The Galapagos Islands and the Amazon aren’t the only destinations for close up encounters with wildlife. The Peninsula Valdes also has exciting opportunities for spending time with fascinating marine creatures, including elephant seals. The beaches here are home to more elephant seals than any other continental destination on earth. From June to December, southern right whales pass the shores of the Patagonian peninsula and thousands of Magellanic penguins inhabit the coastline, sometimes burrowing just a few feet from parking lots and roads.
As with most places in Vietnam, the street food in Hoi An is mouthwateringly delicious and very affordable. But Hoi An in particular, is widely regarded as the country’s culinary capital, with signature dishes that are seldom seen outside of the region, owing their complexity to hundreds of years of trade in and out of what was once one of the most important ports in southeast Asia. Local dishes include white rose dumplings and cao lau, thick rice noodles that rest in a light broth served with pork, mint, basil, peanuts, lettuce, sprouts and croutons.
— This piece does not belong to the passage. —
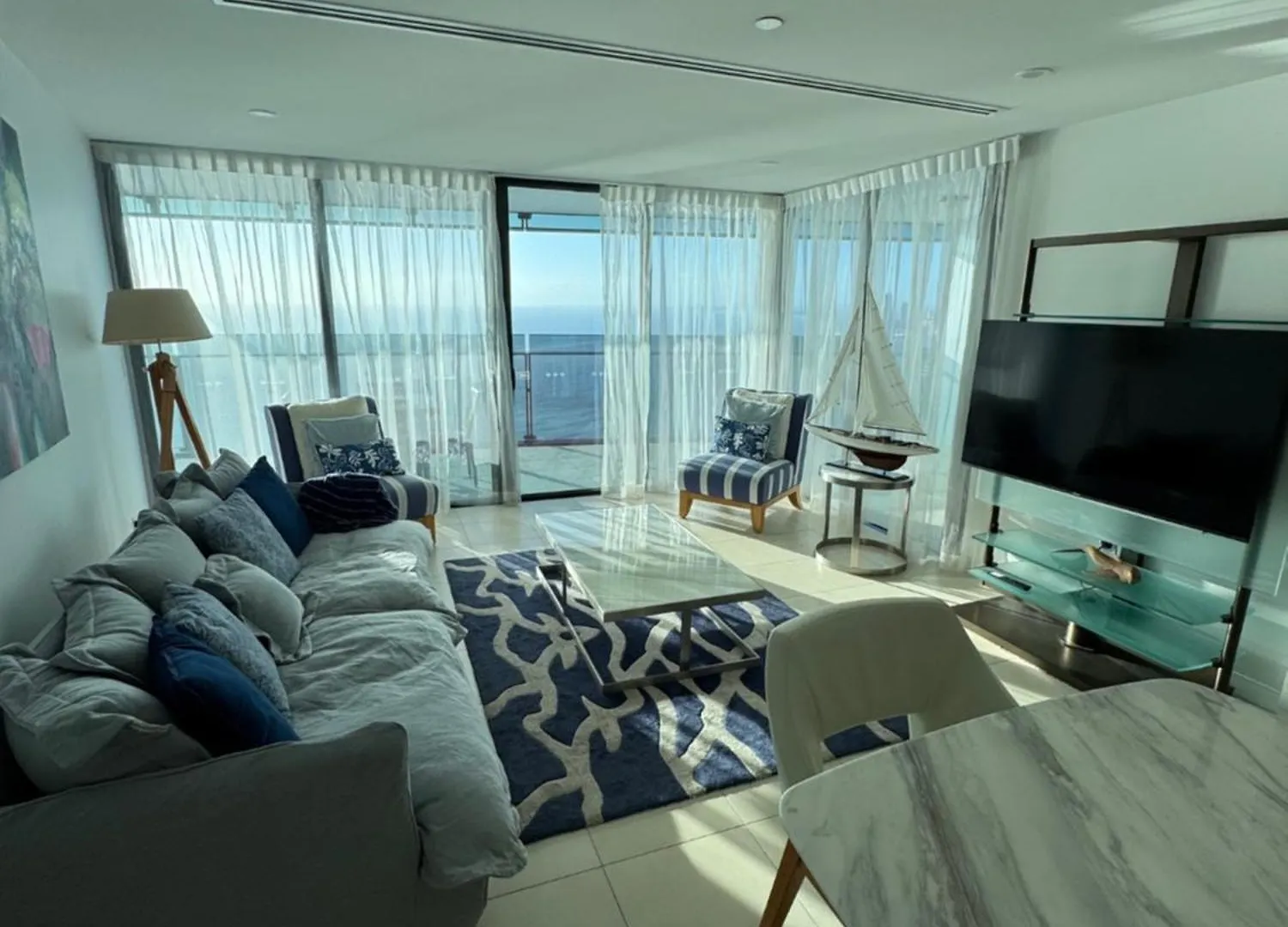 High-End Apartment In The Soul Of Surfers Paradise Gold Coast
Just a few miles from the Old Town, an enchanting streetscape of old Vietnamese, Japanese and Chinese houses transformed into galleries, antique stores, restaurants and bars, is the main tourist beach, with an array of resorts that offer activities like wind surfing, kayaking and jet skiing.
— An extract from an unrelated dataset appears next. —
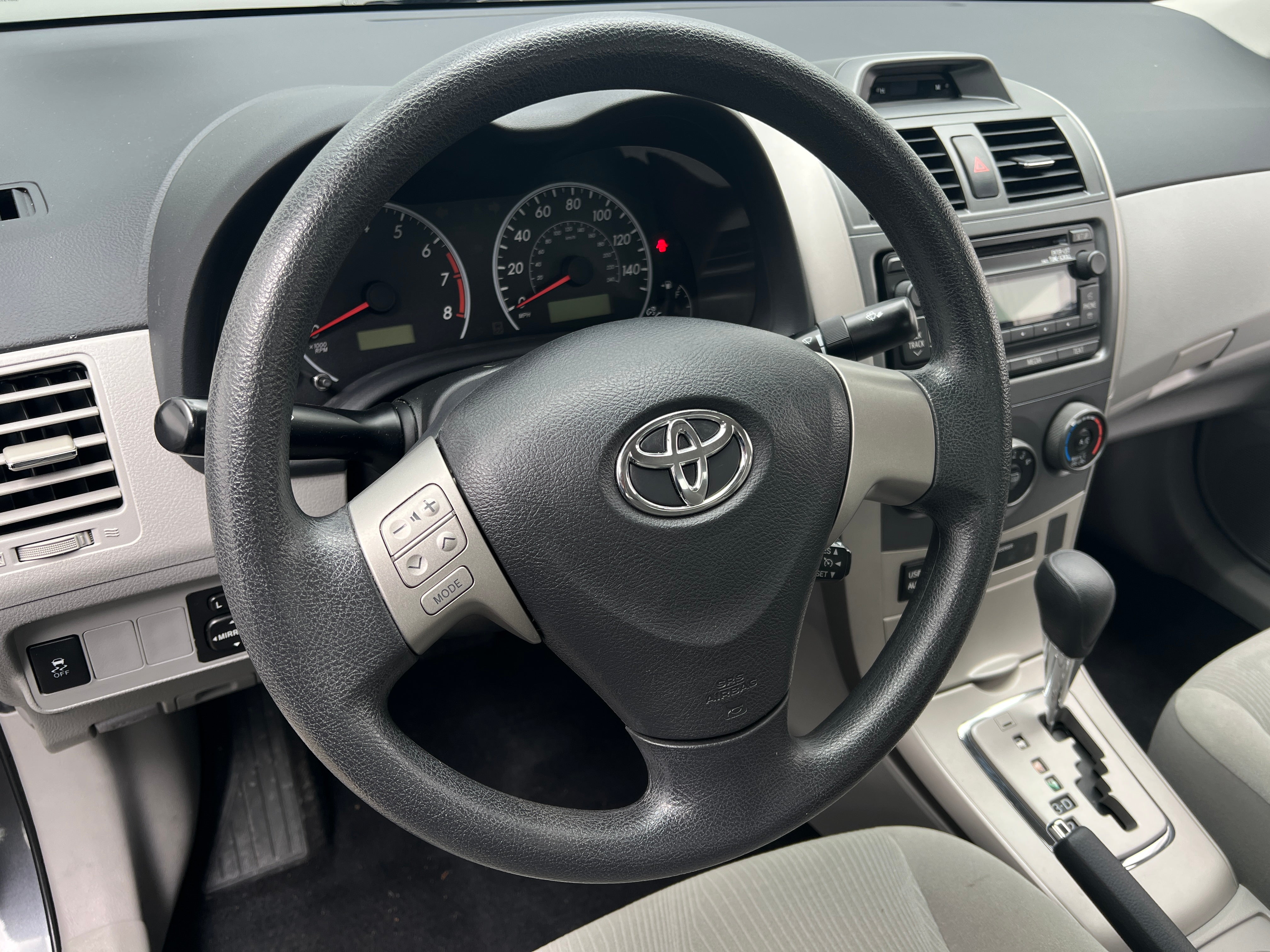 2012 Toyota Corolla LE 5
Wupperethal, a tiny but picturesque village near the Cederberg Mountain Range northeast of Cape Town, is a place where you’ll see farmers lugging their produce to market on donkey carts as well as white buildings with beautiful gardens that look as if they were taken from a scene in the English countryside. Its rural location has prevented it from becoming too touristy like many of the other towns in the Western Cape. This region is also known as one of the best rooibos tea growing areas in the country, and you’ll find it at a shop in the village selling various rooibos products and teas. The Cederberg Wilderness Area makes a great day trip, filled with dramatic natural beauty, from towering mountains with clear rock pools to valley citrus orchards, twisted rock formations and the wind-sculpted Stadsaal caves. Several of the cottages offer accommodations in town, or if you’re up for it, you can pitch a tent at the Algeria Campground along the Rondegat River.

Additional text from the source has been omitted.